↓↓↓

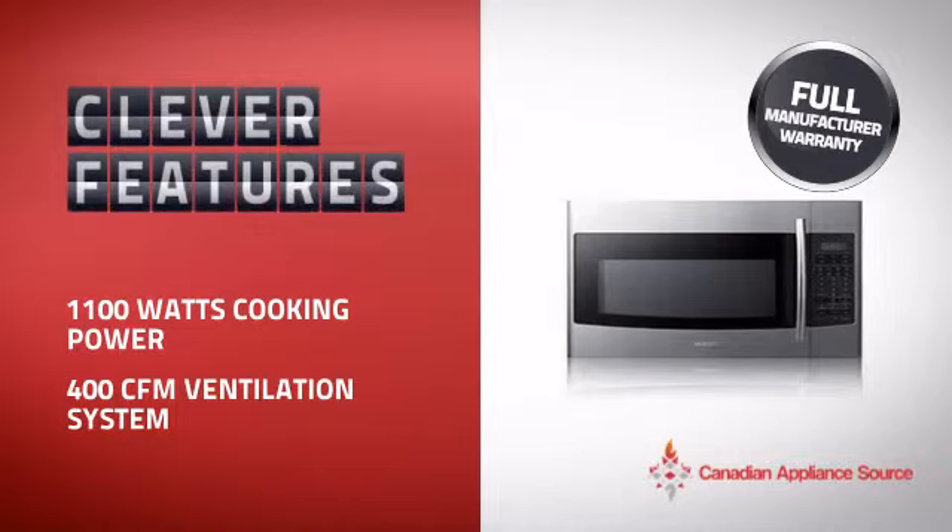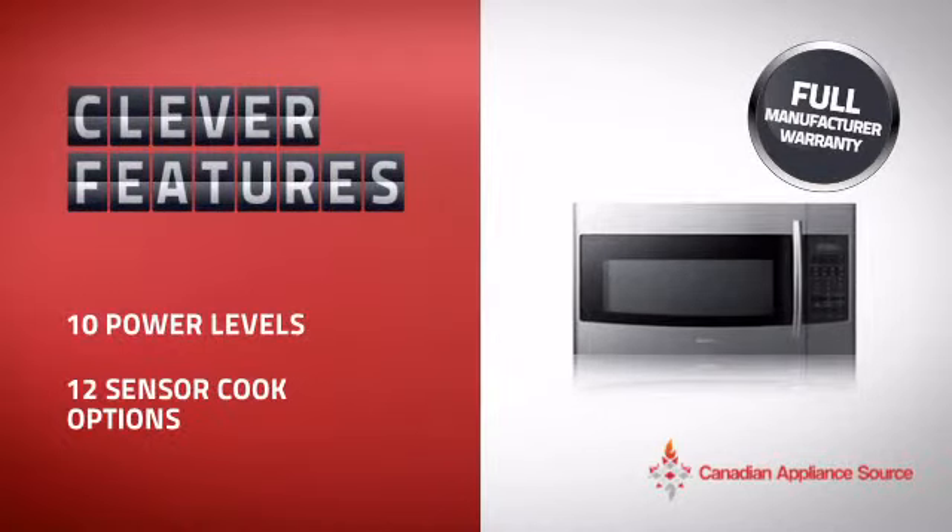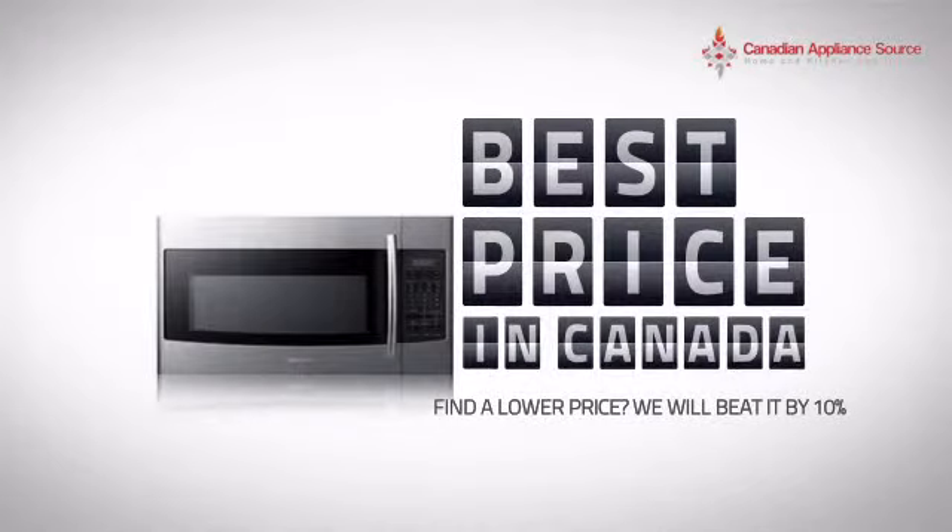With plenty of features that save you time and hassle while giving you great results, plus a reliable manufacturer warranty, it's the optimal choice for many customers. Why buy your microwave at retail prices when you can get it at the best price in Canada?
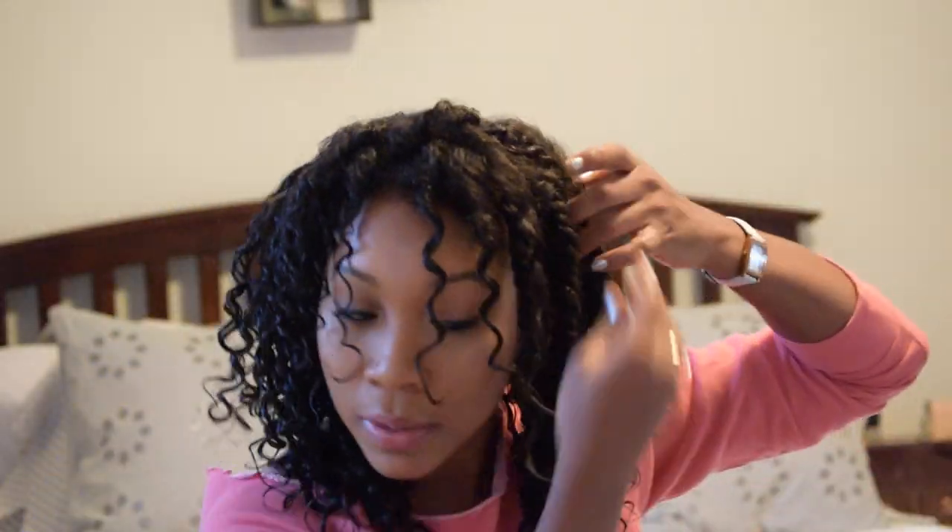When separating your curls, especially your three strand twists, you want to make sure that you start from the bottom just to make sure that you're not messing up that curl pattern and that you're handling it with care.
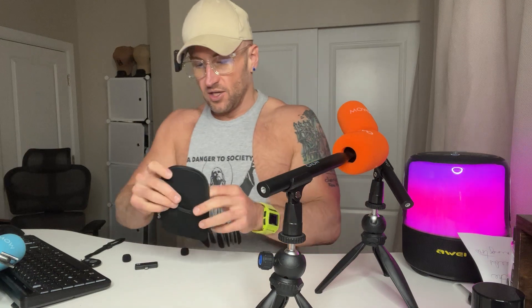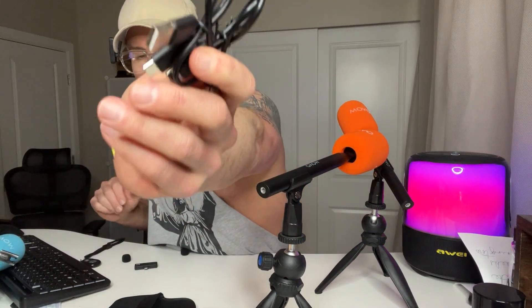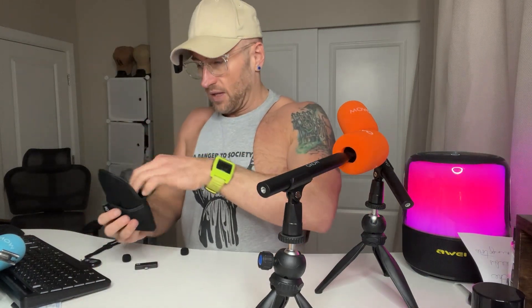In addition, you've got six different mufflers — two blacks, two blues, two oranges. I went with orange just because I wanted it to pop a little bit. You have a storage case with some extra chargers so you can charge the microphones when they need to be. And you've got a storage pouch for the microphones when you're not using them.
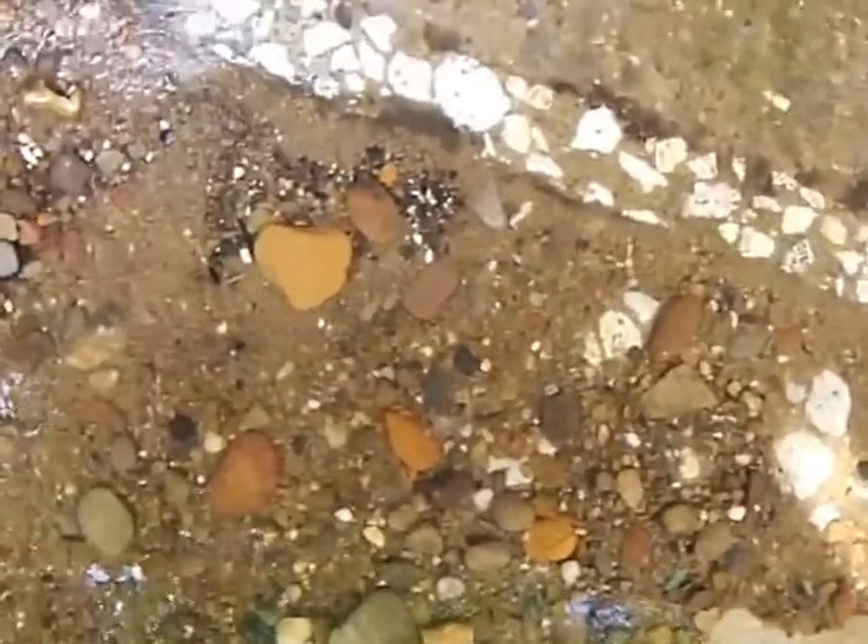It's been raining and our culvert hole is all filled up again. I'm kind of happy about that.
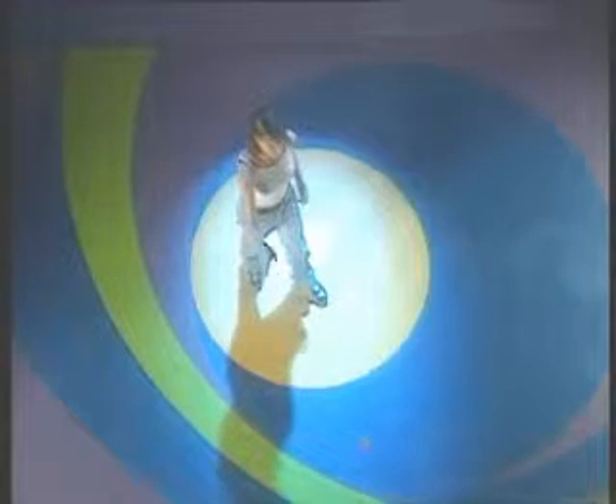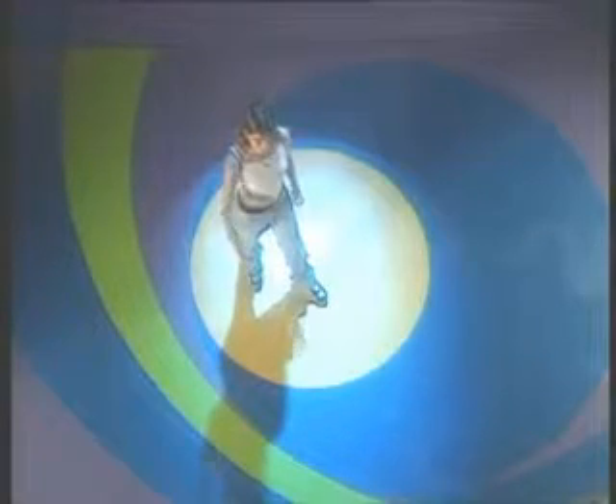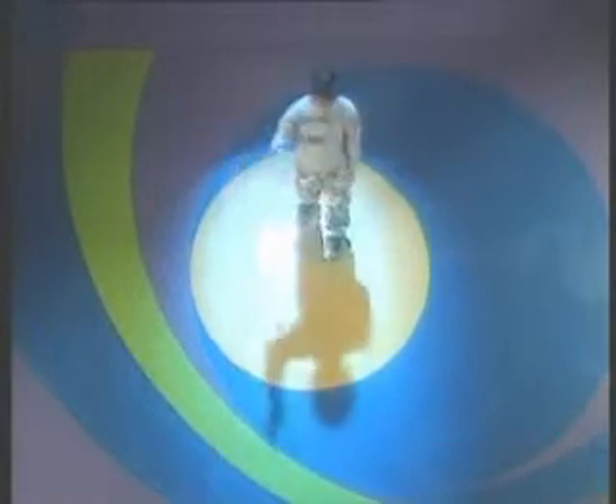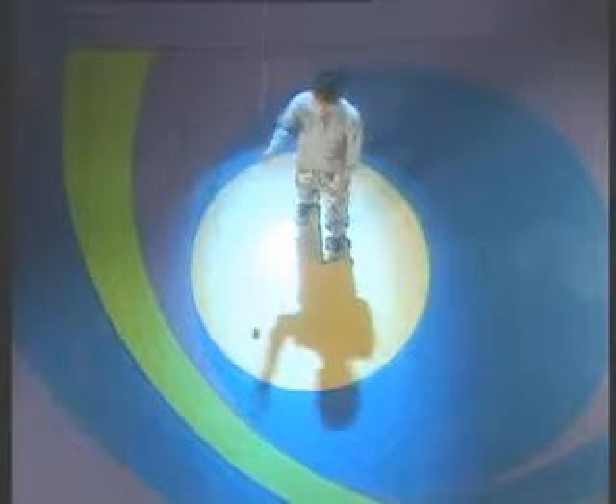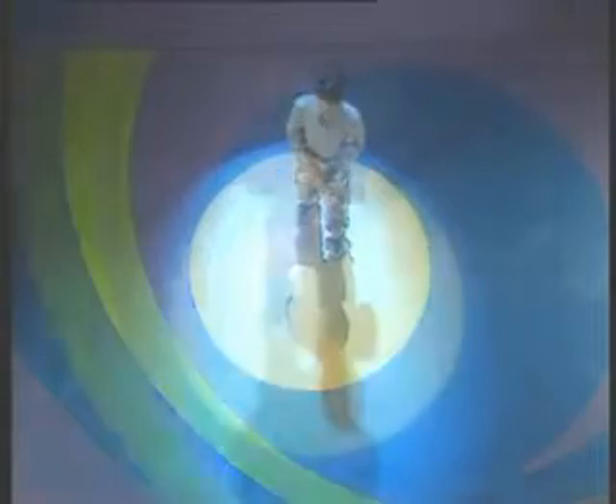As the sleeping yoyo completes the circle, give it a light jerk to return it to your hand. A word of warning: make sure you have at least 2 metres clearance all around you when attempting this trick. You can also start around the world from the breakaway position, sending the yoyo in front of your body.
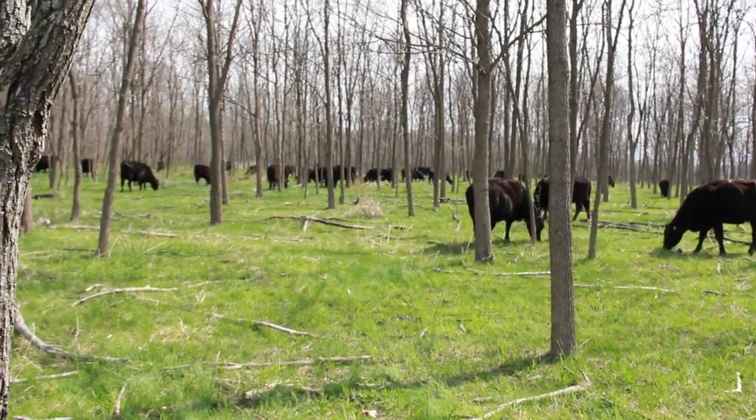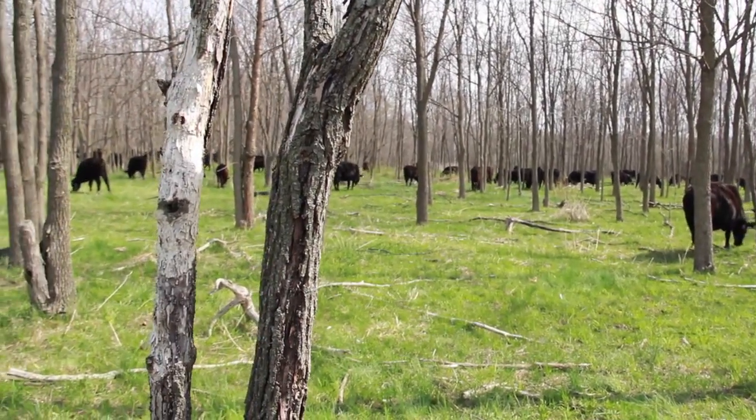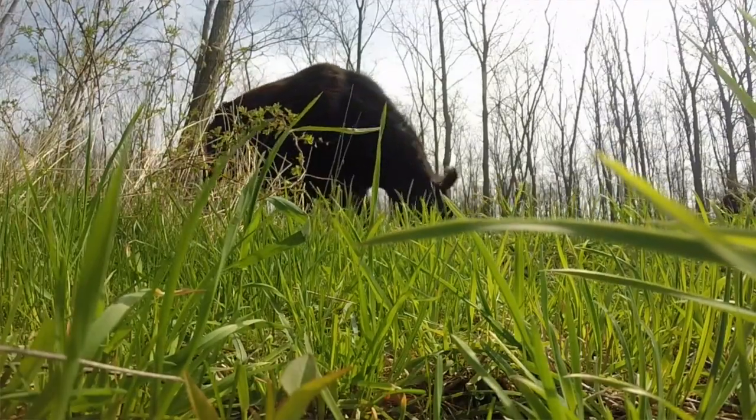In our case, we have silvopasture developed from plantations such as this Black Locust and Black Walnut plantation around us. It was planted in 1988 — about 26 years old — and has been thinned three times over the past nine years for locust fence posts. Some trees are marked in blue; those will be thinned again later this summer. The key to silvopasture management is thinning trees to get enough sunlight on the ground to grow quality forages for the animals.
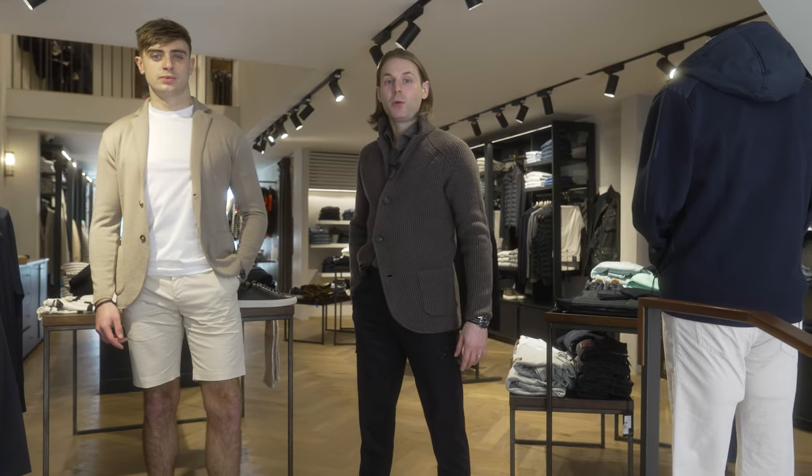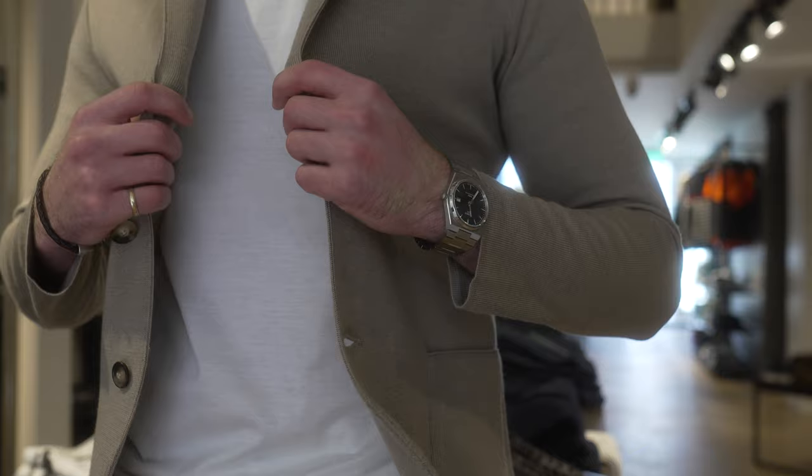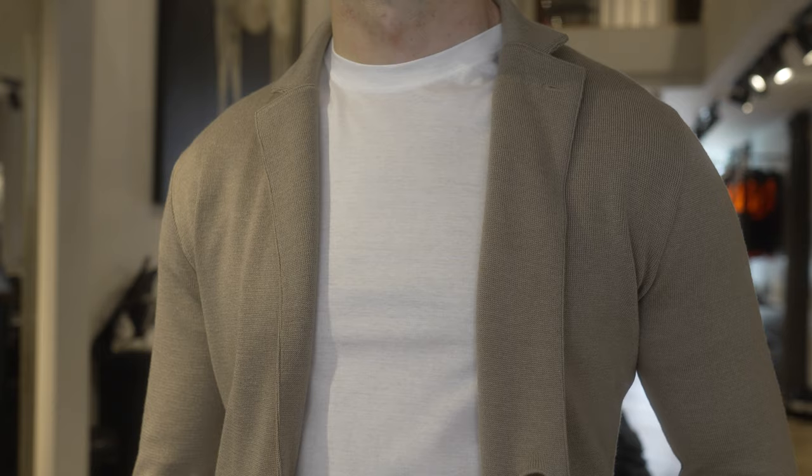Hi, I'm Wayne from Louis Copeland and today I'm going to help you style a swacket for summer. It's transitioning from a heavier knitwear piece that we wear autumn/winter into spring/summer. Today I'm going to use this beautiful Laragini swacket, which is wool, silk and cashmere — so it's really light and really breathable.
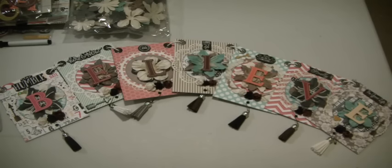Hi everyone, it's Muriel. I'm here this evening to show you a banner that I made for my craft window. This one says Believe. I've made two others in the past and showed those on videos — one says Create and the other one says Inspire.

↑↑↑

Problem description
What is needed is an exact copy of every line from the one with "It's been raining" to the end of the listing above, with the pictures left out.

Response below
It's been raining and our culvert hole is all filled up again. I'm kind of happy about that.
As the sleeping yoyo completes the circle, give it a light jerk to return it to your hand. A word of warning: make sure you have at least 2 metres clearance all around you when attempting this trick. You can also start around the world from the breakaway position, sending the yoyo in front of your body.
In our case, we have silvopasture developed from plantations such as this Black Locust and Black Walnut plantation around us. It was planted in 1988 — about 26 years old — and has been thinned three times over the past nine years for locust fence posts. Some trees are marked in blue; those will be thinned again later this summer. The key to silvopasture management is thinning trees to get enough sunlight on the ground to grow quality forages for the animals.
Hi, I'm Wayne from Louis Copeland and today I'm going to help you style a swacket for summer. It's transitioning from a heavier knitwear piece that we wear autumn/winter into spring/summer. Today I'm going to use this beautiful Laragini swacket, which is wool, silk and cashmere — so it's really light and really breathable.
Hi everyone, it's Muriel. I'm here this evening to show you a banner that I made for my craft window. This one says Believe. I've made two others in the past and showed those on videos — one says Create and the other one says Inspire.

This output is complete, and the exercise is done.